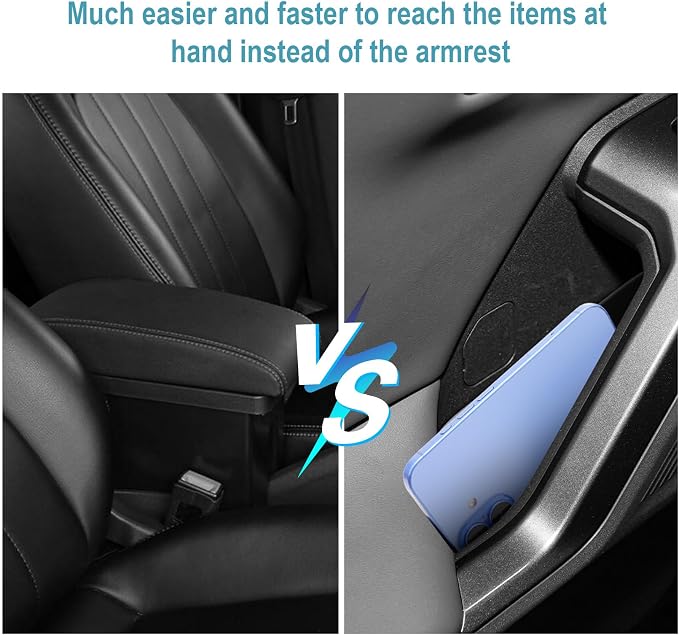 CDEFG 4Pcs for 2026 Toyota RAV4 Center Console Organizer Door Handle Pockets Trash Can Storage Box for 2026 Toyota RAV4 (LE/SE/XLE Premium/Woodland/XSE/Limited) Accessories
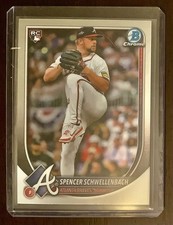 2025 Bowman Chrome #84 Spencer Schwellenbach Rookie Card Atlanta Braves RC
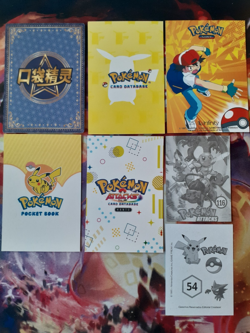 Horsea Fan Art Bundle of 7 Cards + Stickers NOT Official Pokemon PL-NM - Image 2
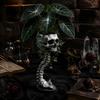 Gothic Home Decor Skull Spine Planter, Resin Skeleton Planter Pot, Horror Halloween Retro Bone Ornament Flower Vase, Spooky Gifts For Women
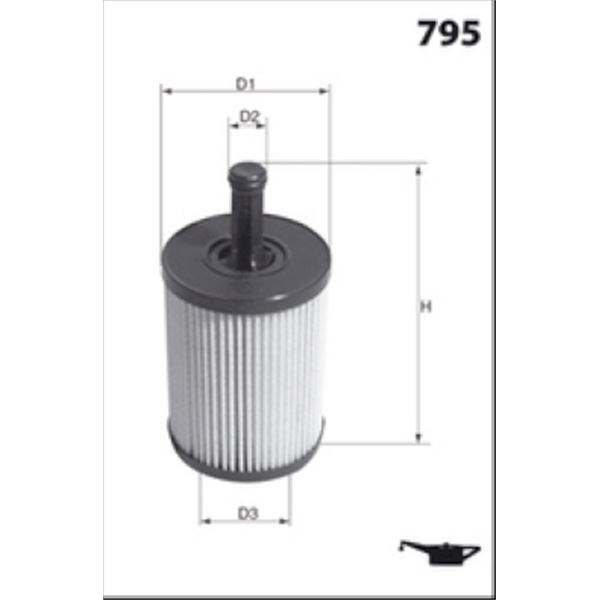 ELH4307 FILTRE A HUILE VL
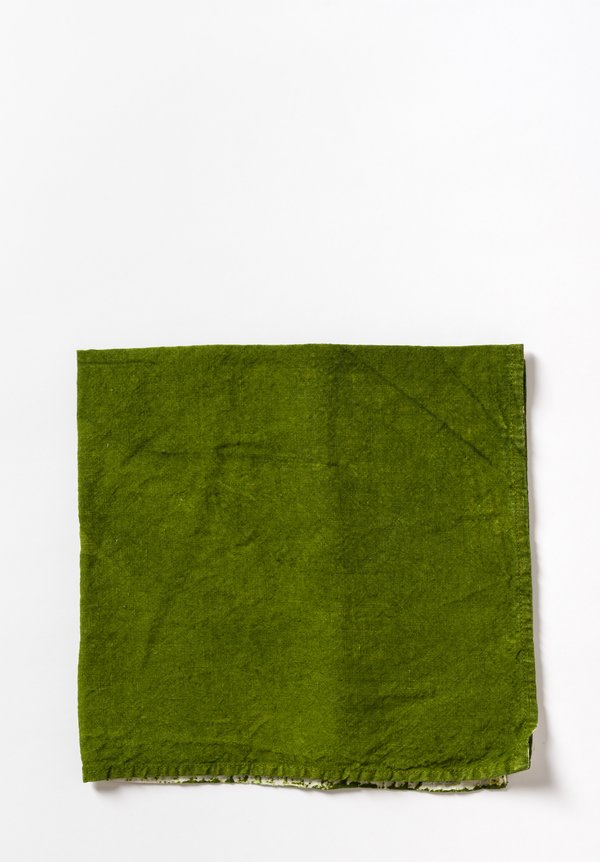 Linen Square Napkin in Verde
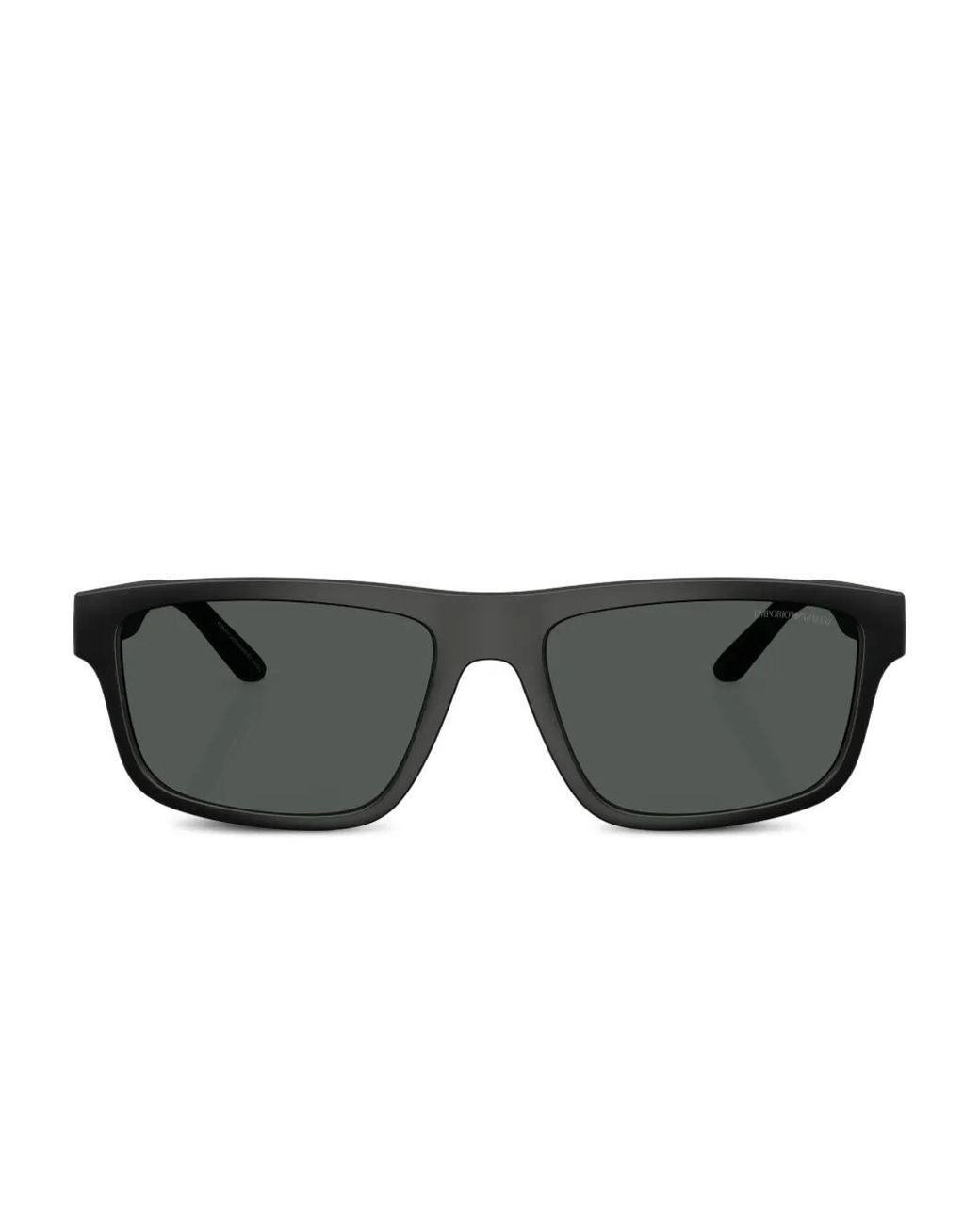 Emporio Armani Gray Logo-Print Sunglasses for men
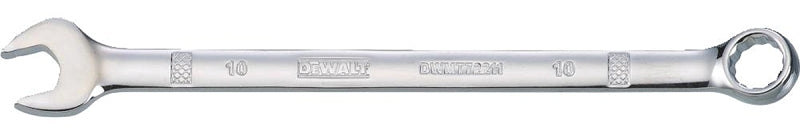 DEWALT DEWALT DWMT72211OSP Combination Wrench, Metric, 10 mm Head, 6-11/32 in L, 12-Point, Steel, Chrome-Plated TOOLS DEWALT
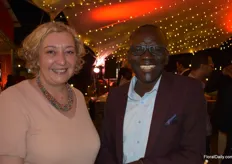 Sylvie Mamias of Union Fleurs and Clement Tulezi of Kenya Flower Council.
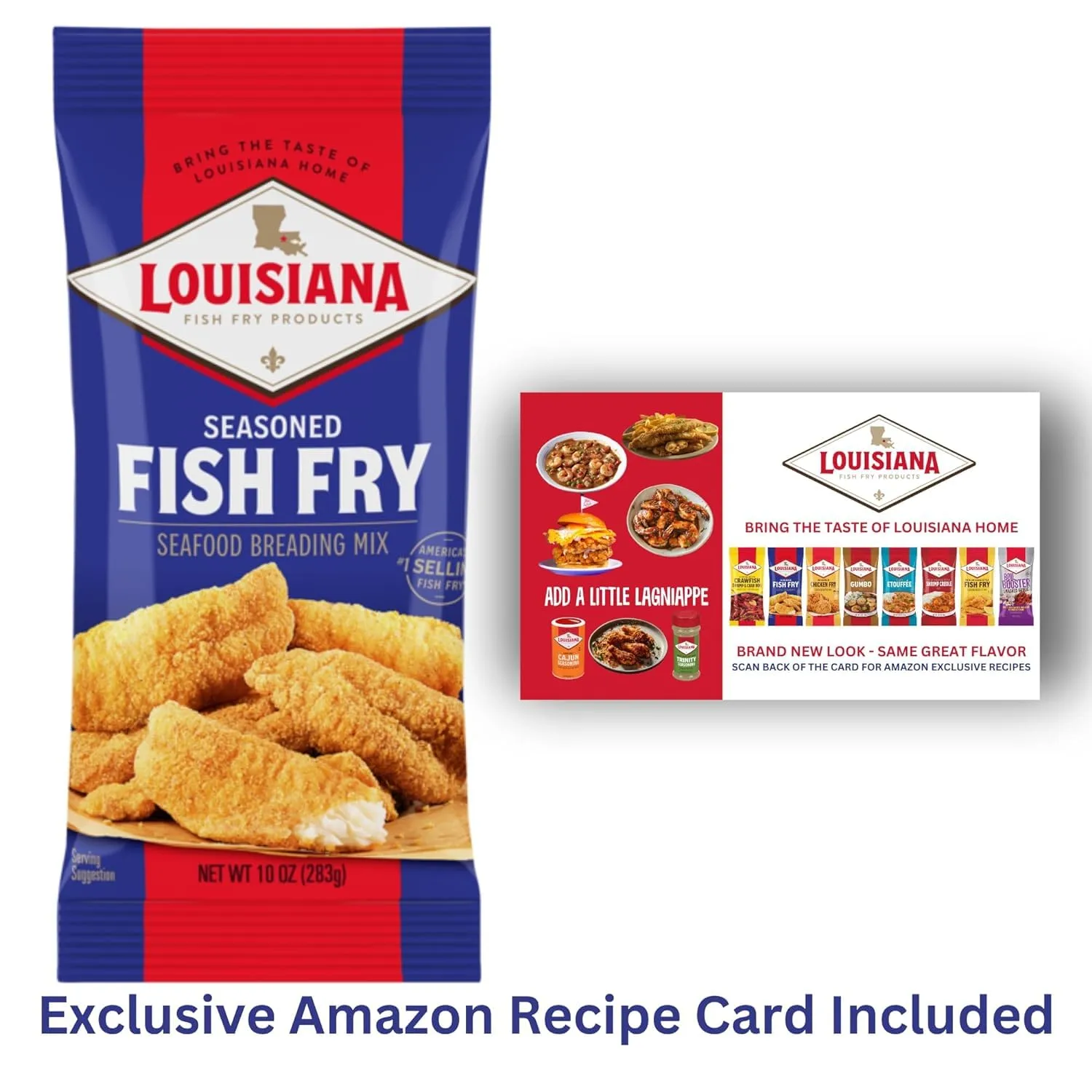 Louisiana Fish Fry Seasoned Seafood Breading Mix, 10 oz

§ Exercise aim: Set down, in exact form, only the lines that start at the one containing "Horsea Fan Art" and finish at the last line of the material; pictures do not go in.

§ Answer to this exercise:
 Horsea Fan Art Bundle of 7 Cards + Stickers NOT Official Pokemon PL-NM - Image 2
 Gothic Home Decor Skull Spine Planter, Resin Skeleton Planter Pot, Horror Halloween Retro Bone Ornament Flower Vase, Spooky Gifts For Women
 ELH4307 FILTRE A HUILE VL
 Linen Square Napkin in Verde
 Emporio Armani Gray Logo-Print Sunglasses for men
 DEWALT DEWALT DWMT72211OSP Combination Wrench, Metric, 10 mm Head, 6-11/32 in L, 12-Point, Steel, Chrome-Plated TOOLS DEWALT
 Sylvie Mamias of Union Fleurs and Clement Tulezi of Kenya Flower Council.
 Louisiana Fish Fry Seasoned Seafood Breading Mix, 10 oz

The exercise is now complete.